ANOVA of prior state RTs

The normality of the RTs was evaluated using the Shapiro-Wilk test of normality. It was found that the assumption of normality was valid. Also each RTs distribution was plotted in a histogram, no bimodal distribution was found. In order to determine whether the previous state had an influence on the current state, an ANOVA analysis was carried out on bases of the RTs of the previous states (Markov chain) and the visual environments (i.e., 2D, 3D, and AR).

Variables that might have had an effect RT, namely the influence of coffee consumption, mood and gender were also analysed with ANOVA.

Results

Markov chain results

In order to consolidate the data, a Markov chain was created for each video game containing the data of all the participants, as they are presented in Figures 4A–C, reflecting their true (V) and false (F) answers.

FIGURE 4

Figure 4. States in the AR game for all participants (A) in the 2D game f. (B) In the 3D game. (C) In the AR game.

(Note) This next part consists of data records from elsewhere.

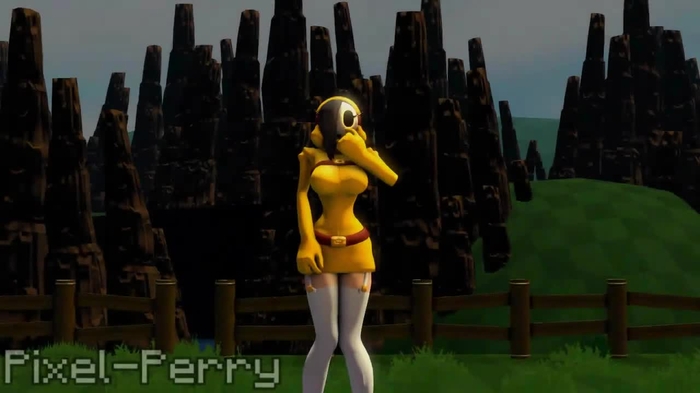 mario (series) 1711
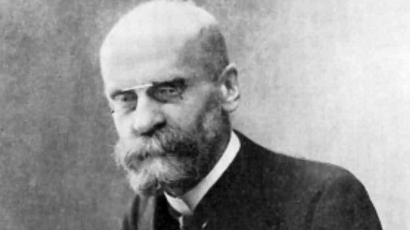 Teori Sosiologi Emile Durkheim: Memahami Solidaritas Sosial dan Integrasi Masyarakat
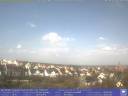 Vorschaubild von 14.04.2017 10:13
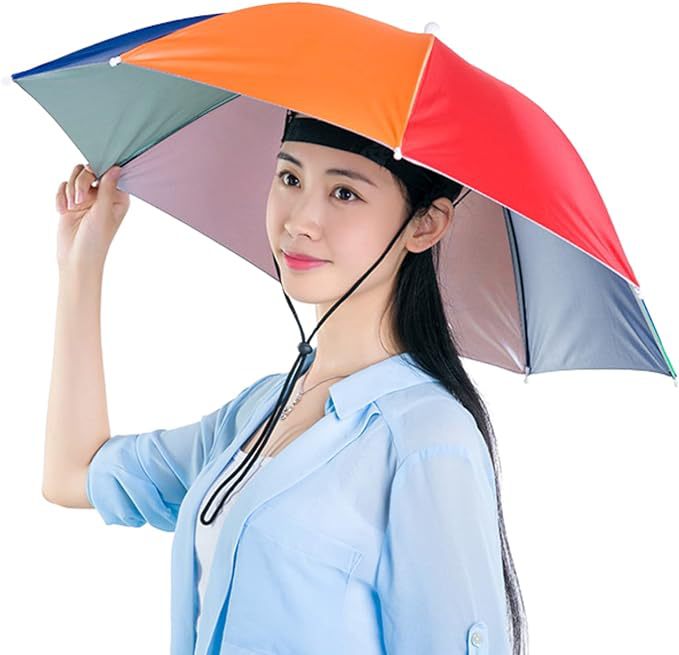 61CBp-qnAZL._AC_SX679_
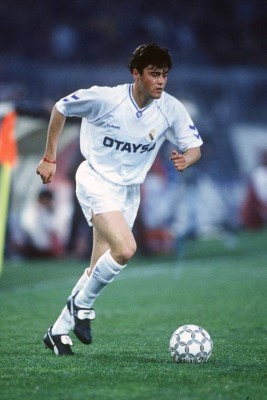 TOP 15: Los 'judas' más recordados en el deporte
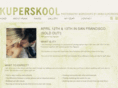 kuperskool.com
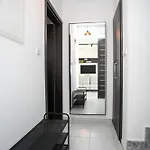 Palmove Renovated Meneou House Tatil Evi *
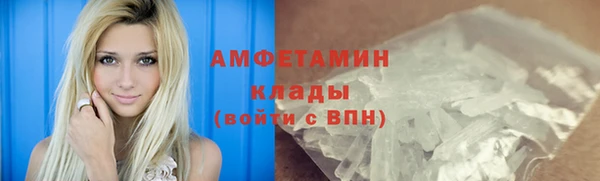 крисы Абдулино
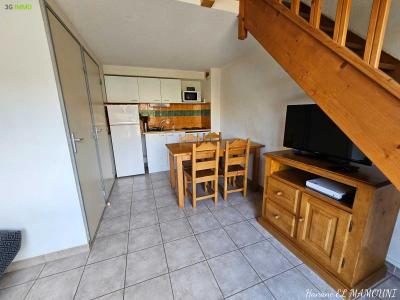 Annonce Vente 3 pices Maison Beziers 34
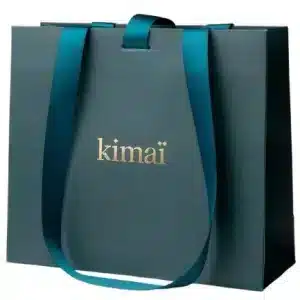 Custom Gift Bags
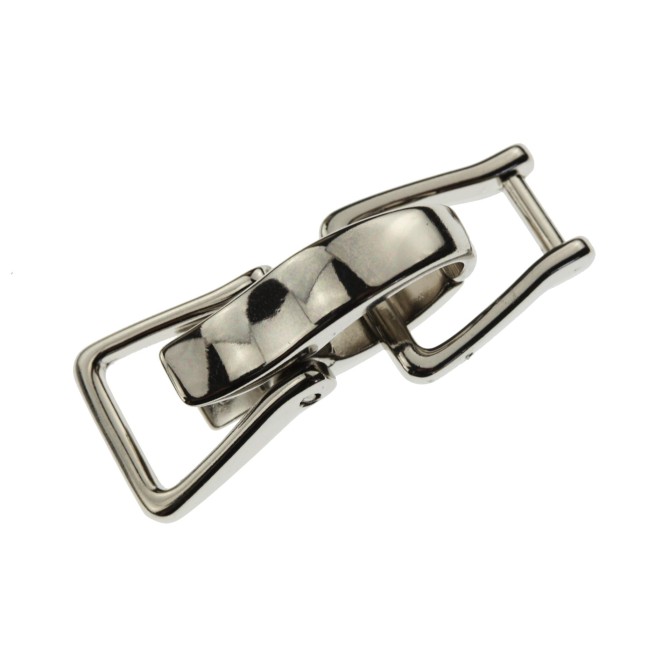 Aligo Group фото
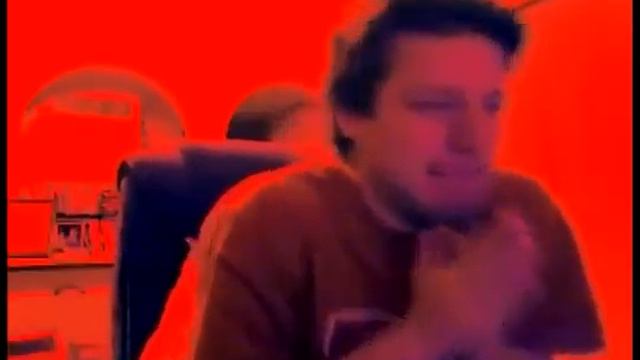 Final Fantasy VIII – Part 5 [Spoony - RUS RVV]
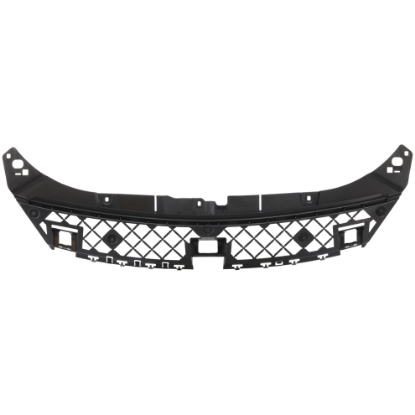 Picture of Bumper Reinforcement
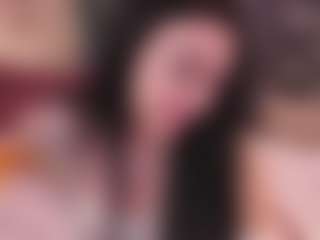 IgnaciaPickar's Live Sex Cam Show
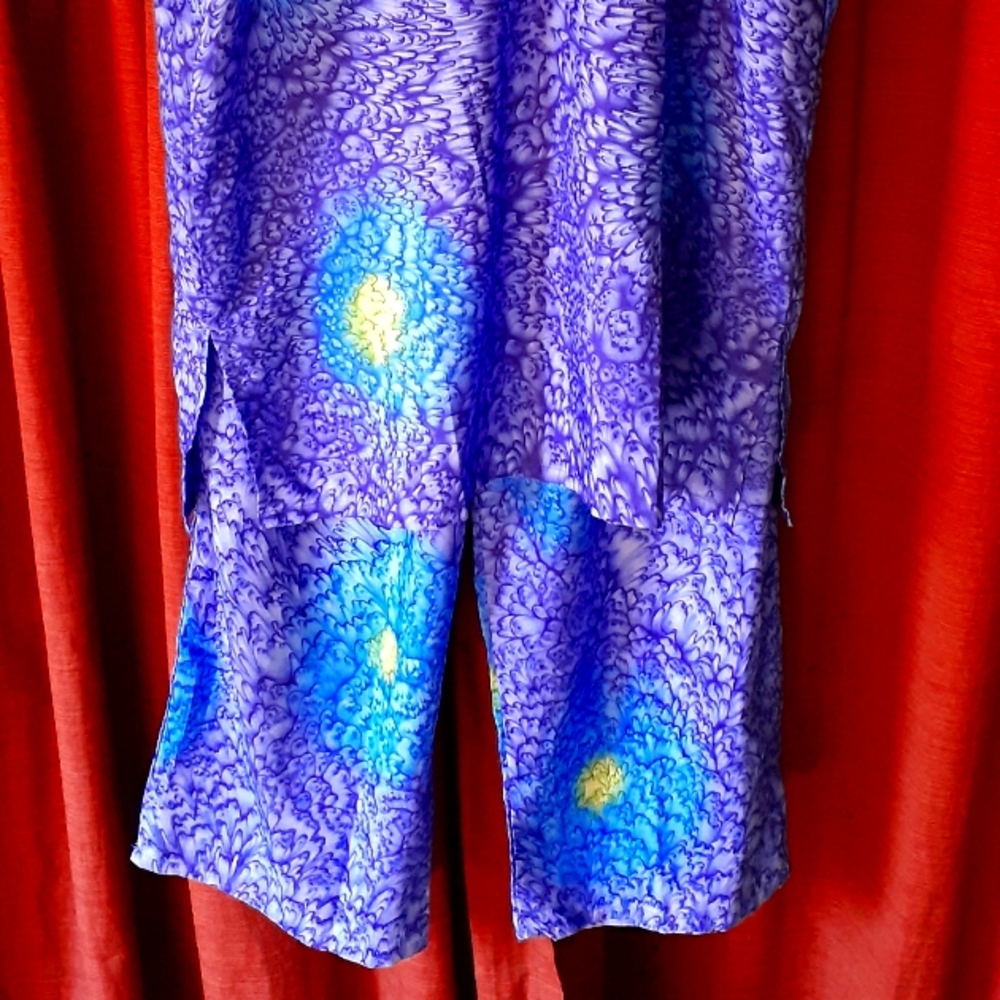Creations 2pc - Picture 2 of 9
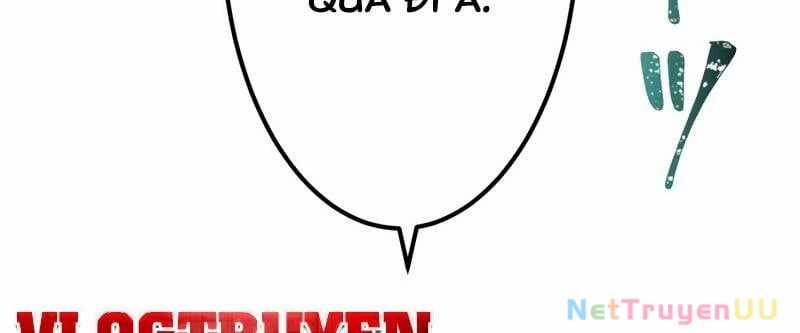 Huyết Thánh Cứu Thế Chủ~ Ta Chỉ Cần 0.0000001% Đã Trở Thành Vô Địch Chapter 90 trang 281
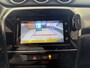 Suzuki Vitara 1.5 Hybrid Select Automaat ( weinig kilometer, zeer compleet )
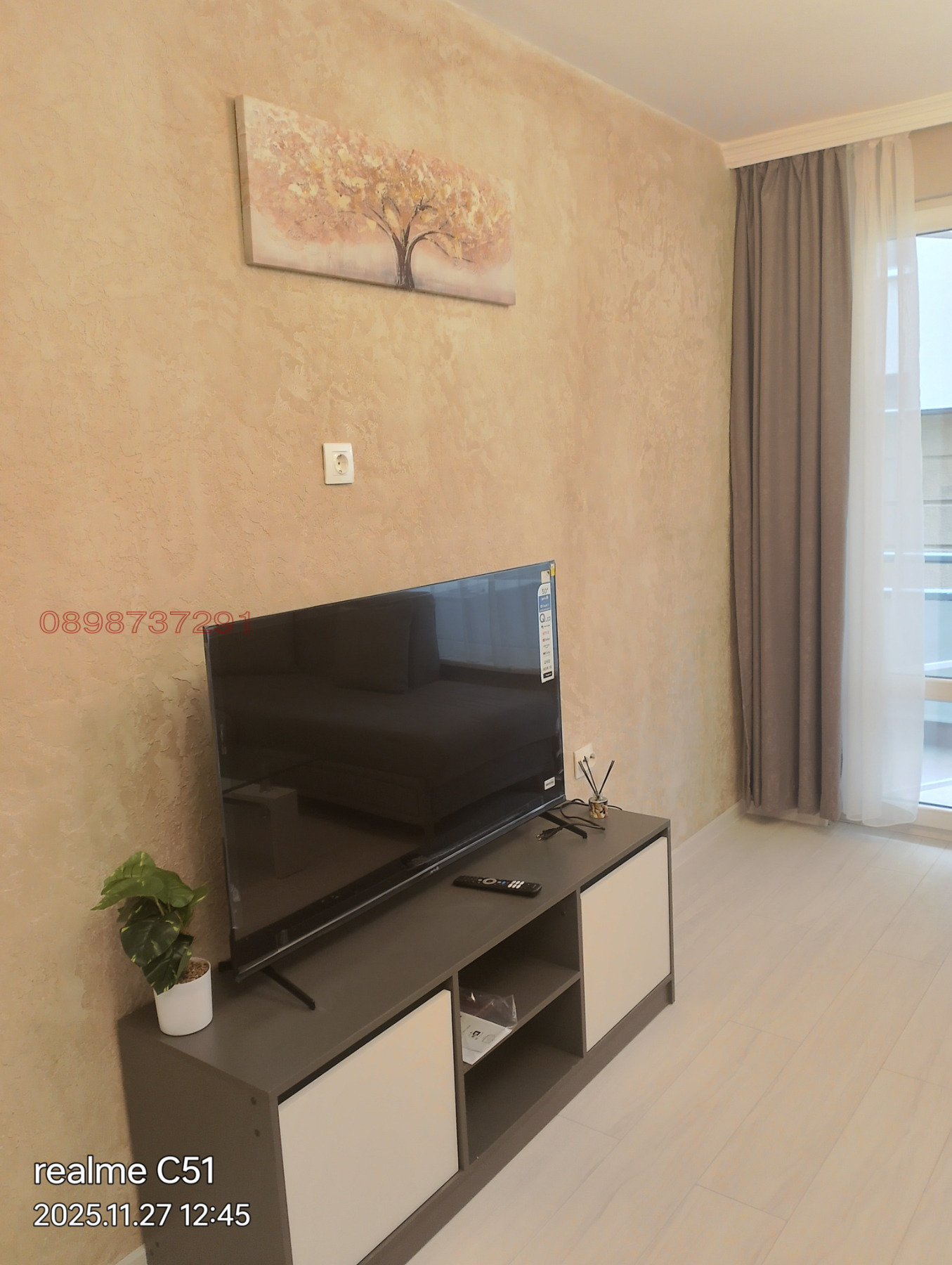 ���� ��� ���� 3-����� | Imot.bg � ����������� 2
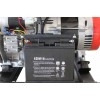 Дизельный генератор MAST GROUP YH4000AE
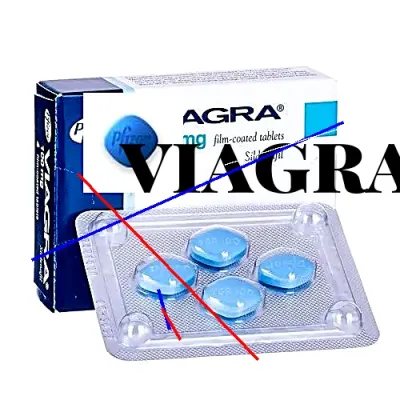 Acheter viagra londres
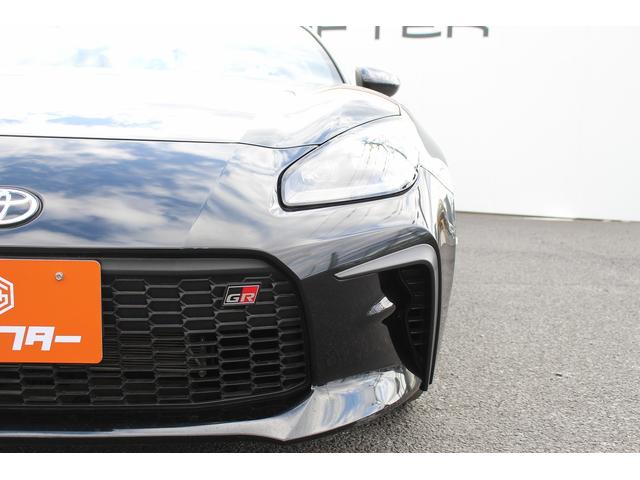 同業者様への販売はお断りさせていただきます。　車検無し車両の場合は、車検を取得したお支払い総額で表示しております。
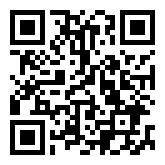https://www.cd100.cn/news/26303.html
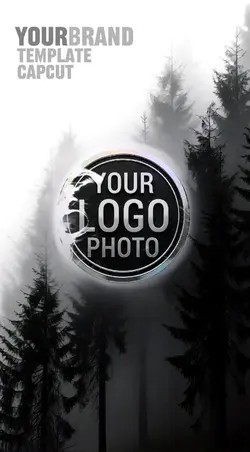 Your Brand | Intro 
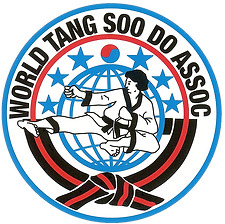 Logo-WTSDA.png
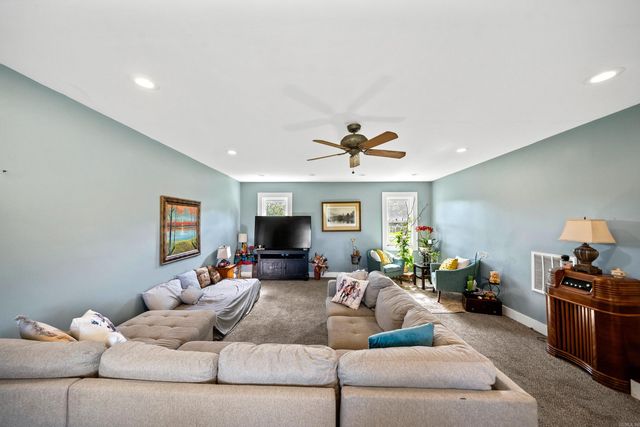 6867 Airport Rd, Bonnerdale, AR 71933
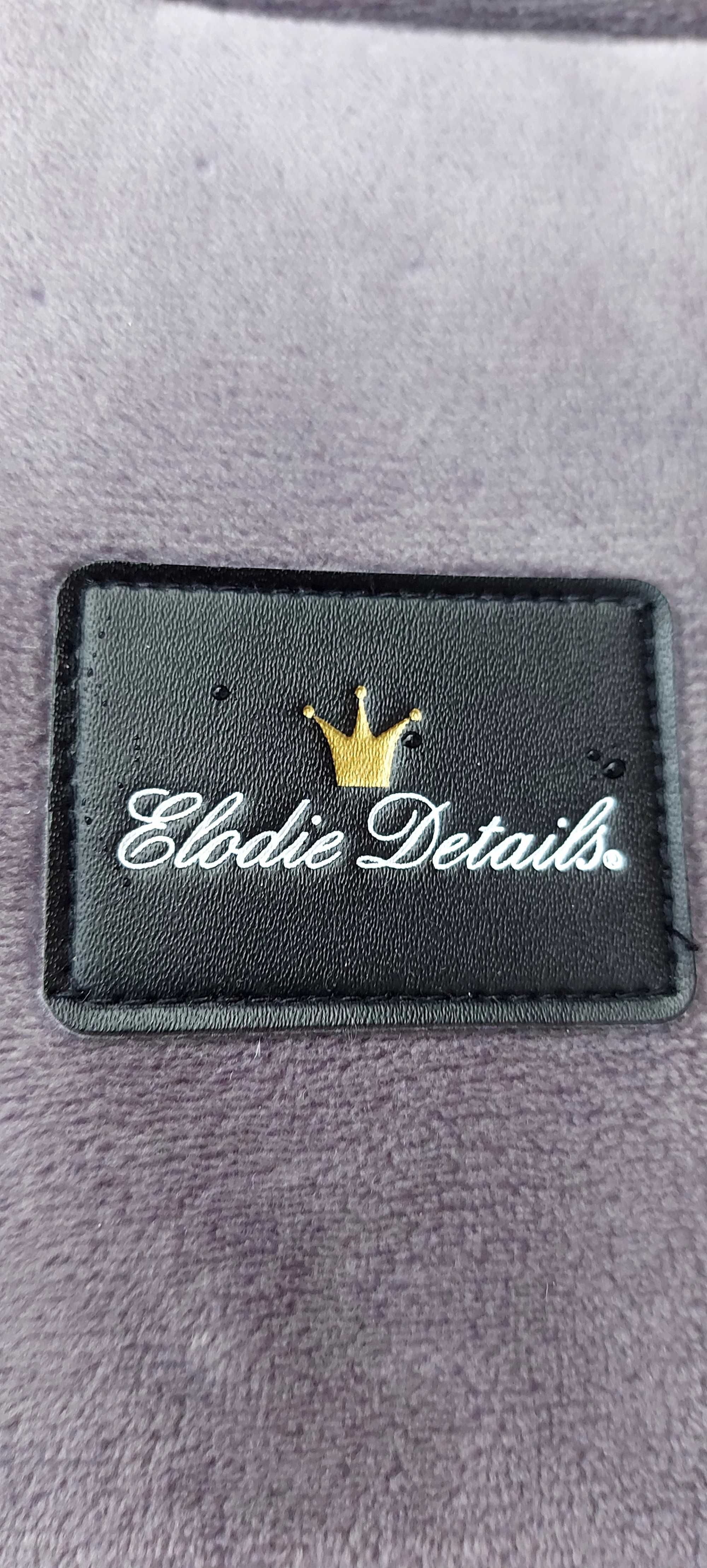 Wózek  spacerowy Elodie Details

Figure 4A represents the Markov chains formed for the 2D. If the initial state is “FF” then probabilities have increased for the current state “F” (relatively with respect to the expected 12.5%). This means that if the person fails twice consecutively, the next state has a 25% chance (double the expected) of getting it wrongly and 75% of performing it correctly. If the initial state is “FV,” the probability has changed to 96.2% for participants performing the experiment correctly at the current state. If the case is “VF” or “VV,” probability of failure is very low and a large part of the probability that the answer is in the “true” state.

With respect to the Markov chain representing the 3D game (illustrated in Figure 4B), when a previous state of “FF” or “FV” was presented, there is zero probability of performing the following stimulus erroneously and instead, 100% probability of performing it correctly. In the case of “VF” and “VV,” very low probabilities were perceived, similar to what was seen in the 2D video game chain.

Finally, in Figure 4C, we recorded a large variation in probabilities. Evidently, the probability of error is greater than that in the 2D and 3D Markov chains; however, if the previous state was “VV,” the evidence suggests that there is a large probability of correctly performing the next stimulus. Additionally, if the previous state is “F” in the AR, the probability of performing the subsequent stimulus well is 76.9%, which is, however, less than the probability shown in Figure 4B (2D at 96.3%) and Figure 4C (3D at 98.7%).

Prior state influenced RTs

Table 2 shows the ANOVA results for the participant response states (V: true, F: false) at different environments (2D, 3D, and AR). Three cases were analysed: a Markov model that considers only the current state, a Markov model that considers the current and previous state, and a Markov model which considers the current state and two previous states. In any of these models, the current state is level 0, the previous state is level 1, and so on.

In Table 2; the 0–1 levels show an influence on RTs in the two-state model. This was also seen in the three-state model, with levels of 0–2. Previous states had a significant influence (p < 0.05) in the RT of the current state.

TABLE 2

Table 2. ANOVA effect of the current and the previous state in the reaction time.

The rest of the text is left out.